### What to do
Restate every line below word for word, but drop each picture.

### Dataset excerpts
Start of Block

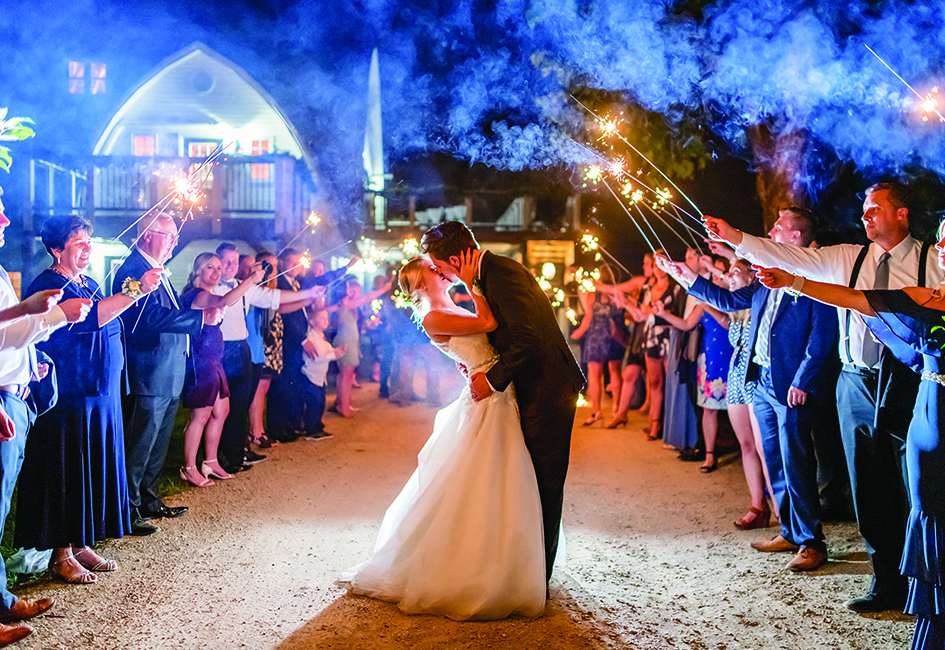 Family and friends hold sparklers as Taylor and John kiss as their wedding day at Historic John P. Furber Farm ends.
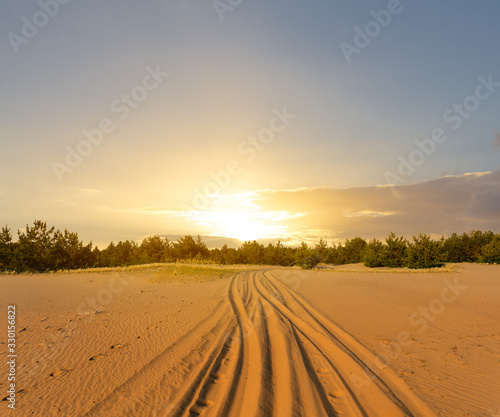 dramatic sunset over the sandy desert with road far away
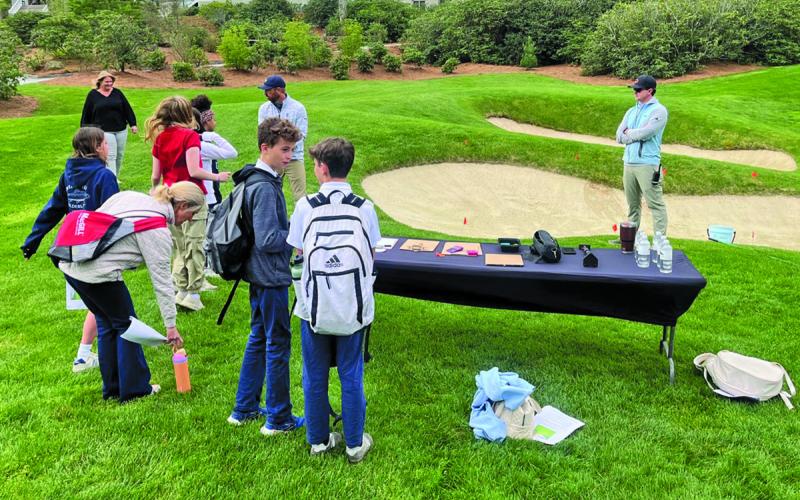 Sixth grade students from Summit Charter School were led through a series of science, technology, engineering and math lessons while on a field trip to Wade Hampton Golf Club this week.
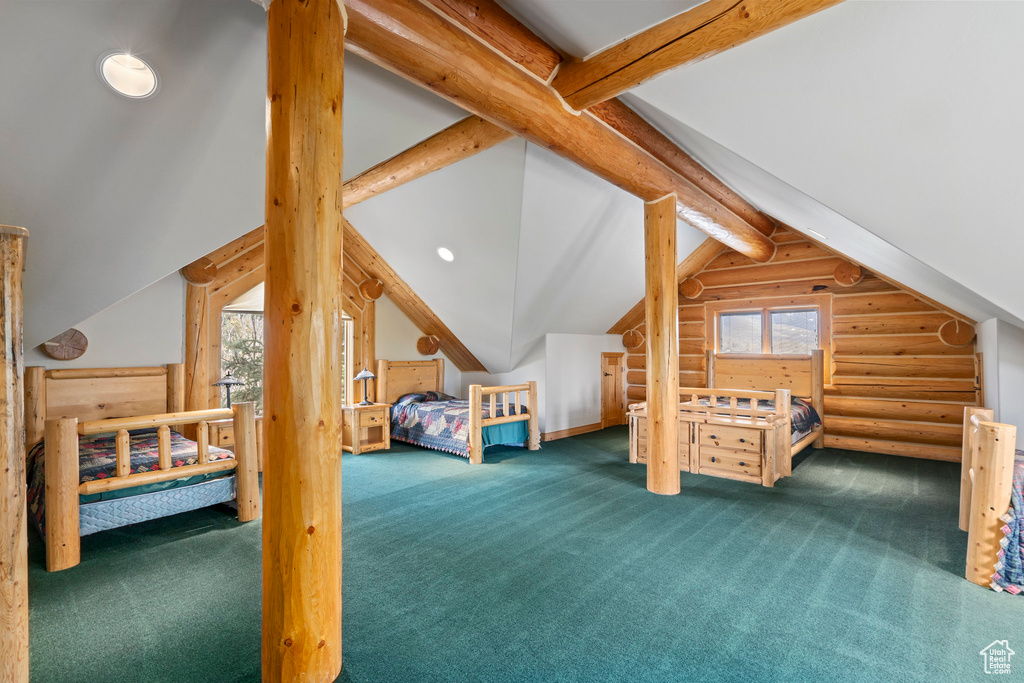 Carpeted bedroom featuring lofted ceiling with beams and rustic walls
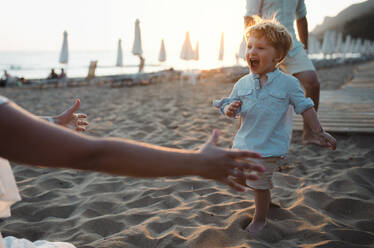 Eine junge Familie mit einem Kleinkind, das sich im Sommerurlaub am Strand amüsiert. - HPIF23950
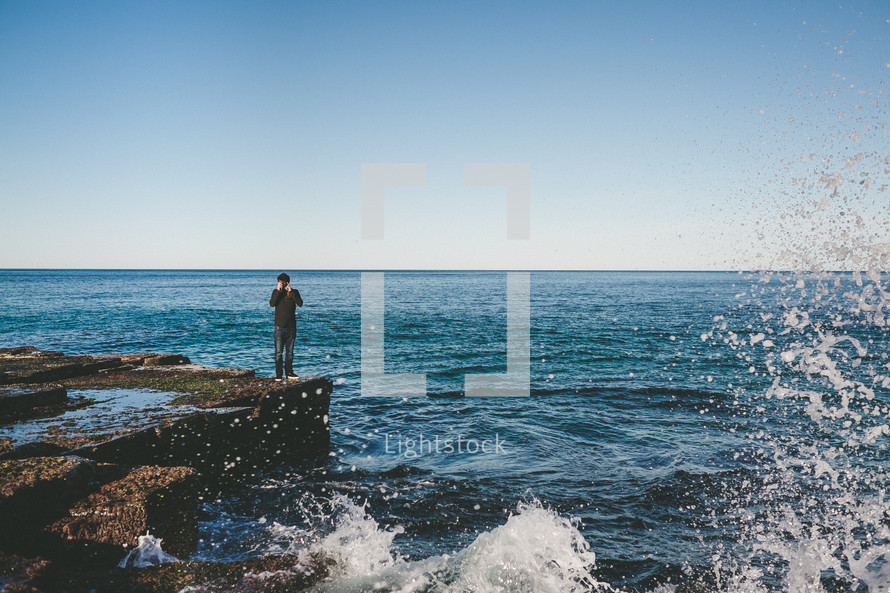 man standing on a rock by the ocean 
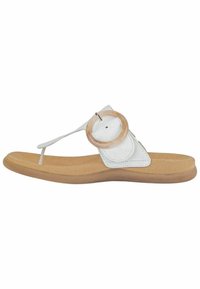 Sandale en cuir blanc avec un accent en bois rond, semelle plate beige et design à fines lanières. Comprend un entre-doigt pour un maintien sécurisé et un confort optimal.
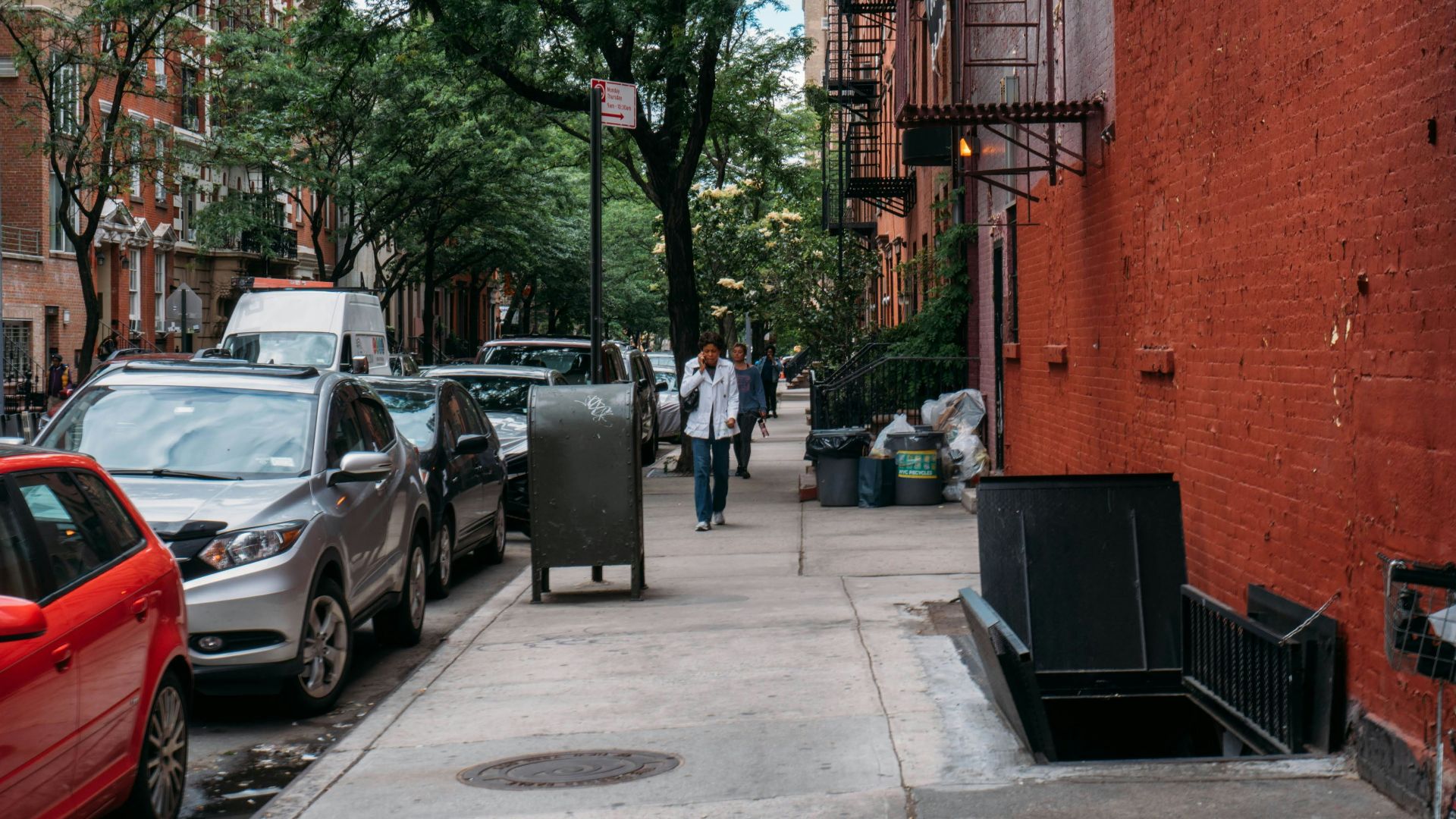 cars parked beside brown brick building during daytime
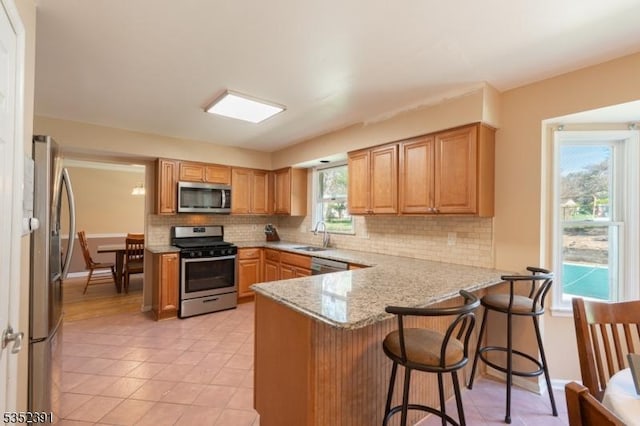 kitchen with light stone counters, decorative backsplash, light tile patterned floors, appliances with stainless steel finishes, and a peninsula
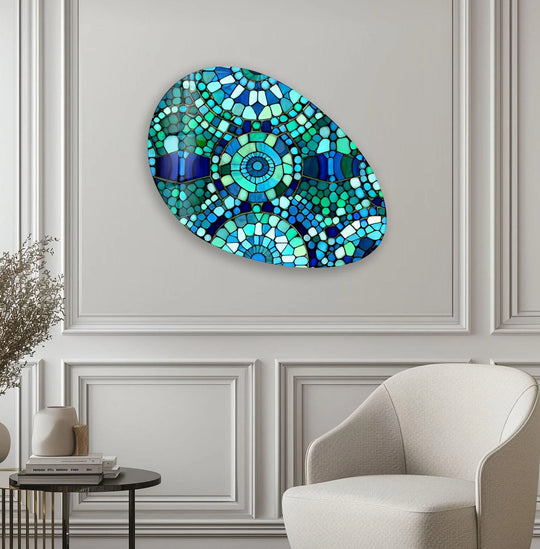 An oval-shaped mosaic glass art piece displays vibrant blue and green geometric patterns and abstract designs.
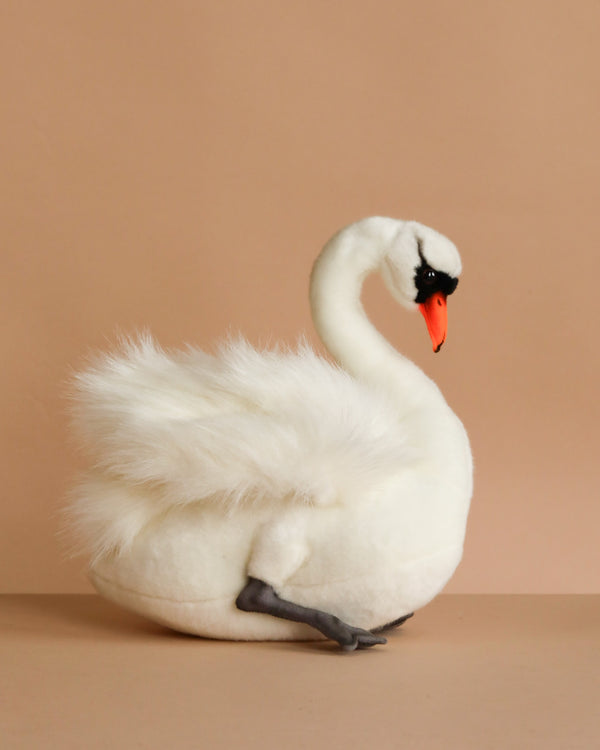 The White Swan Bird Stuffed Animal by HANSA Animals features lifelike detail with white plush feathers, an orange beak, and black face accents. Each hand-sewn piece is crafted for realism and shown against a plain beige background.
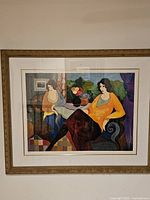 Full view of framed lithograph under glass, showing ornate gilded wood frame and off-white mat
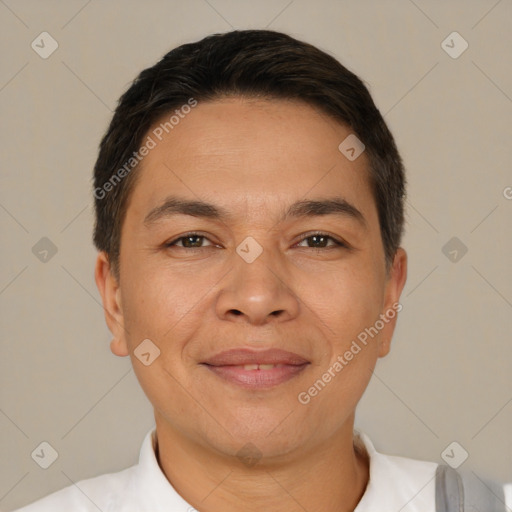 Joyful white adult male with short  brown hair and brown eyes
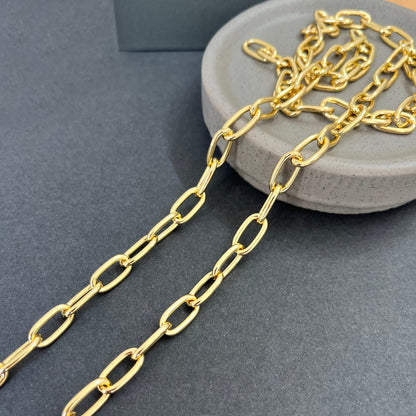Gold chain on a gray surface with a gray container in the background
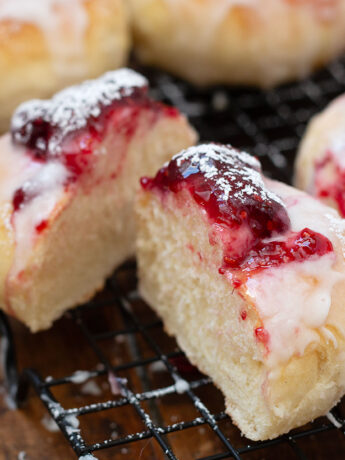 Shrovetide buns cut open on cooling rack.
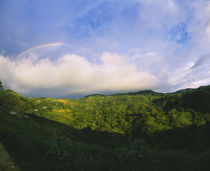 Clouds and rainbow over a mountain, Costa Rica by Panoramic Images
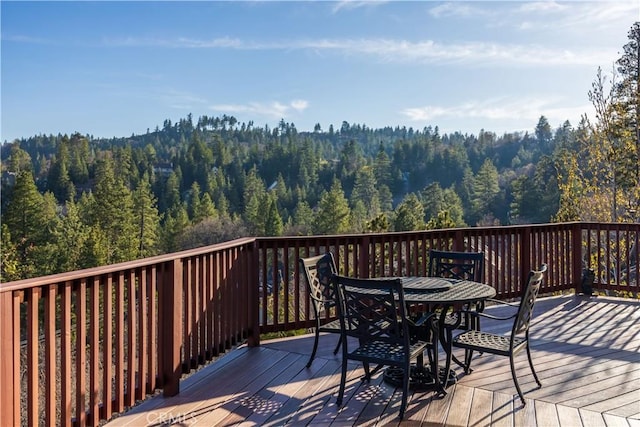 wooden deck with outdoor dining space and a forest view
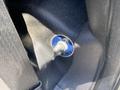 A close-up view of a blue and silver switch labeled "OFF" and "ON" located on a black surface inside a 2015 Ford F-450 SD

End of Block

### Reply to the task
 Family and friends hold sparklers as Taylor and John kiss as their wedding day at Historic John P. Furber Farm ends.
 dramatic sunset over the sandy desert with road far away
 Sixth grade students from Summit Charter School were led through a series of science, technology, engineering and math lessons while on a field trip to Wade Hampton Golf Club this week.
 Carpeted bedroom featuring lofted ceiling with beams and rustic walls
 Eine junge Familie mit einem Kleinkind, das sich im Sommerurlaub am Strand amüsiert. - HPIF23950
 man standing on a rock by the ocean 
 Sandale en cuir blanc avec un accent en bois rond, semelle plate beige et design à fines lanières. Comprend un entre-doigt pour un maintien sécurisé et un confort optimal.
 cars parked beside brown brick building during daytime
 kitchen with light stone counters, decorative backsplash, light tile patterned floors, appliances with stainless steel finishes, and a peninsula
 An oval-shaped mosaic glass art piece displays vibrant blue and green geometric patterns and abstract designs.
 The White Swan Bird Stuffed Animal by HANSA Animals features lifelike detail with white plush feathers, an orange beak, and black face accents. Each hand-sewn piece is crafted for realism and shown against a plain beige background.
 Full view of framed lithograph under glass, showing ornate gilded wood frame and off-white mat
 Joyful white adult male with short  brown hair and brown eyes
Gold chain on a gray surface with a gray container in the background
 Shrovetide buns cut open on cooling rack.
 Clouds and rainbow over a mountain, Costa Rica by Panoramic Images
 wooden deck with outdoor dining space and a forest view
 A close-up view of a blue and silver switch labeled "OFF" and "ON" located on a black surface inside a 2015 Ford F-450 SD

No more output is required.